Dopo lo stop al Dall’Ara contro il Bologna, è intervenuto Mattia Zaccagni ai microfoni di DAZN: “La sconfitta è un insieme di tante cose. La prestazione è stata pessima, non all’altezza di una sfida contro una bella squadra. Non deve essere un alibi la stanchezza, anzi dobbiamo essere orgogliosi di poter competere su diversi fronti. L’unica cosa che mi sento di dire è di chiedere scusa ai tifosi”.

Il ritorno in Nazionale può regalarti il sorriso.
“Indossare la maglia della Nazionale per me è sicuramente un motivo di grande orgoglio, è grazie a tutti”.

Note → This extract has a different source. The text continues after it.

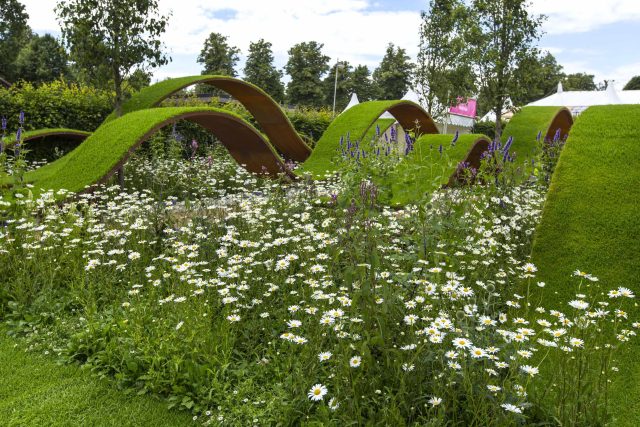The World Vision Garden, Gold Medal Winning garden at RHS Hampton Court Palace Flower Show, The design of the garden is a horticultural interpretation London.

La sosta può venire incontro alla Lazio?
“Penso sia normale, giocando tante partite, subire la stanchezza. Le grandi squadre, i grandi giocatori devono saper reagire. Non si possono giocare tutte al 100% e dobbiamo comunque comportarci meglio per portare a casa il risultato”.

La mancanza di Castellanos si è sentita?
“Lui è un giocatore importante. Oggi però penso non sia importante capire chi c’era e chi no: la prestazione di oggi sia stata pessima da parte di tutto il gruppo e ci assumiamo le responsabilità”.